[RECORDS — start]
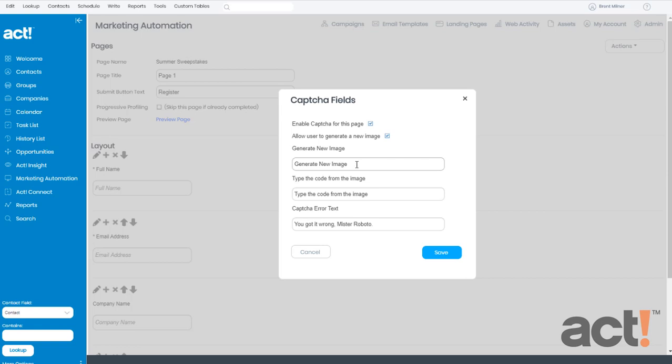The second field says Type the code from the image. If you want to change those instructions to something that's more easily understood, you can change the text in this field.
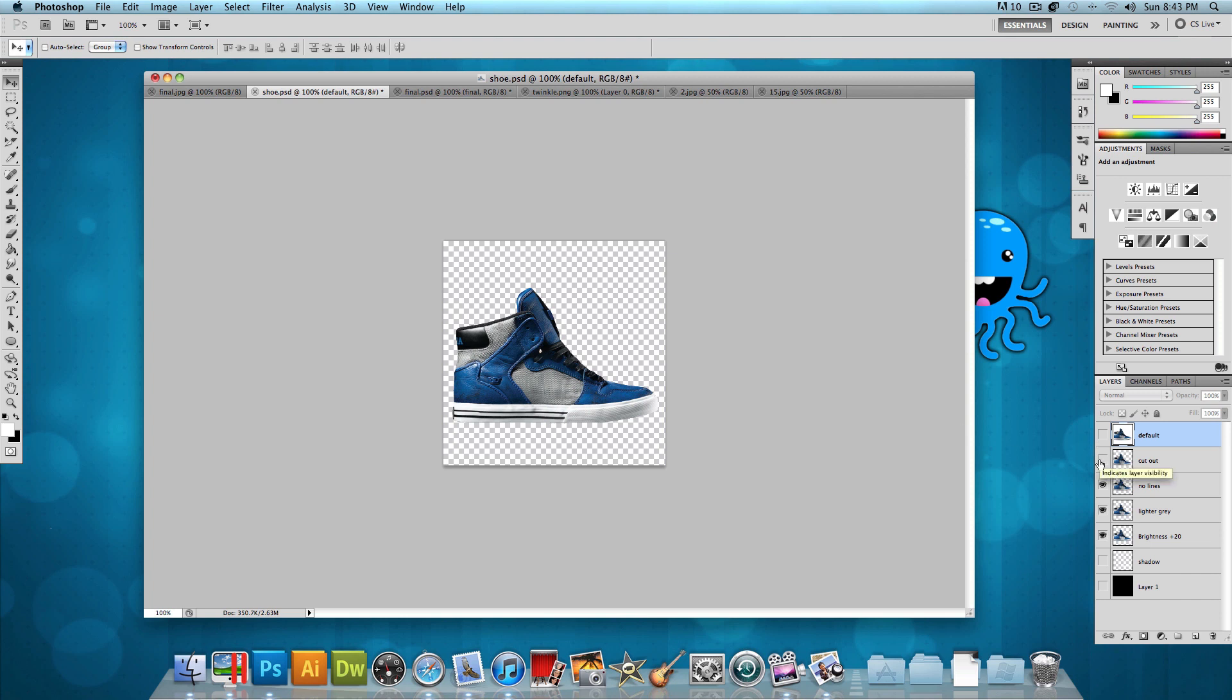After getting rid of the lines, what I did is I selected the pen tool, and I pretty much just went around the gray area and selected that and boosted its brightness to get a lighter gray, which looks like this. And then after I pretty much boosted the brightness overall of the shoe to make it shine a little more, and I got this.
[RECORDS — finish]
[RECORDS — start]
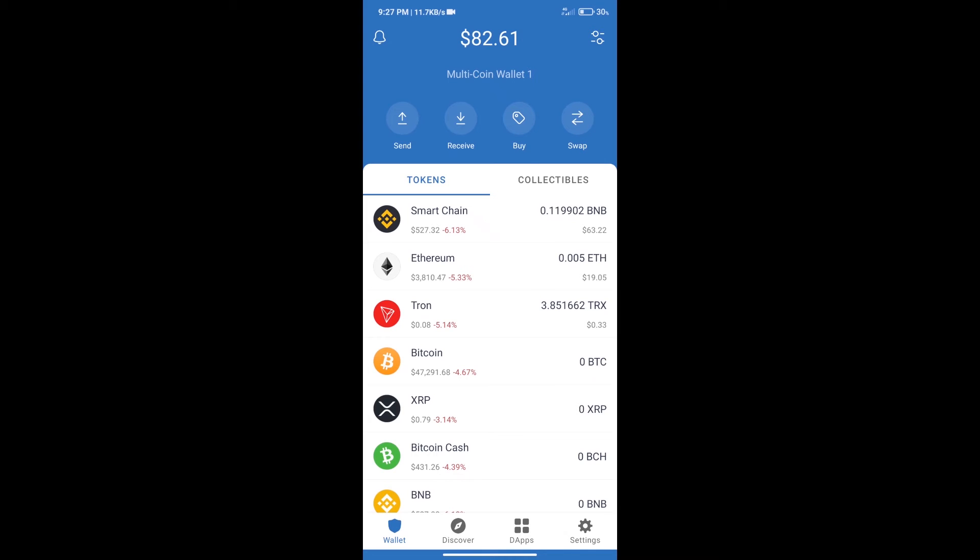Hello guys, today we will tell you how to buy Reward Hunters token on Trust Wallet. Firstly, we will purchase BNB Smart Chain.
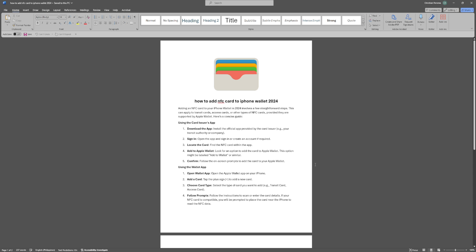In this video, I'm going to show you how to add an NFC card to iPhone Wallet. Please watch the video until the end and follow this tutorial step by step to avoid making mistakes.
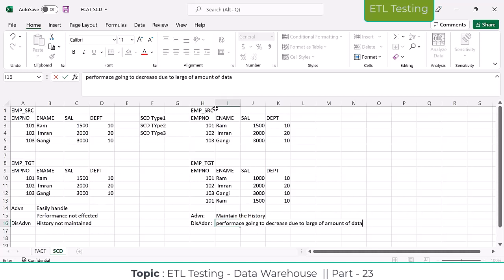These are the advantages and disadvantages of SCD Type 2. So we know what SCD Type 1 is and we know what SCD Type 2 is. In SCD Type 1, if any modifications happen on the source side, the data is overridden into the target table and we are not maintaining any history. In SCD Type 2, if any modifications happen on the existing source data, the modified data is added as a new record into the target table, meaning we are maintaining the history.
[RECORDS — finish]
[RECORDS — start]
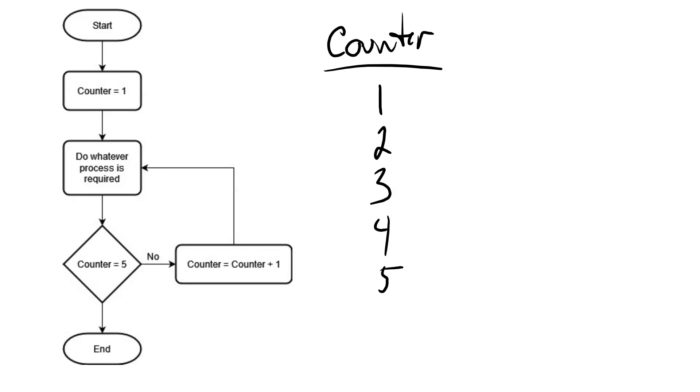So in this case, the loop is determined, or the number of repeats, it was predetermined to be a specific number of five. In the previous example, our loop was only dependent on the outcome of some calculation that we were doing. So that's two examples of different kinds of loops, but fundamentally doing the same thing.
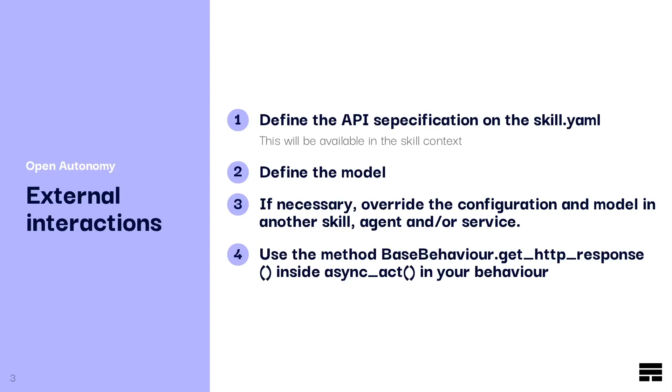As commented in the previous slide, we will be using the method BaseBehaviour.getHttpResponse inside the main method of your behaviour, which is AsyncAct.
[RECORDS — finish]
**WHAT THIS TASK INVOLVES:** Starting at the line that contains "The second field" and ending at the line that contains "After getting rid", transcribe the material above exactly, excluding pictures.

**TASK ANSWER:**
The second field says Type the code from the image. If you want to change those instructions to something that's more easily understood, you can change the text in this field.
After getting rid of the lines, what I did is I selected the pen tool, and I pretty much just went around the gray area and selected that and boosted its brightness to get a lighter gray, which looks like this. And then after I pretty much boosted the brightness overall of the shoe to make it shine a little more, and I got this.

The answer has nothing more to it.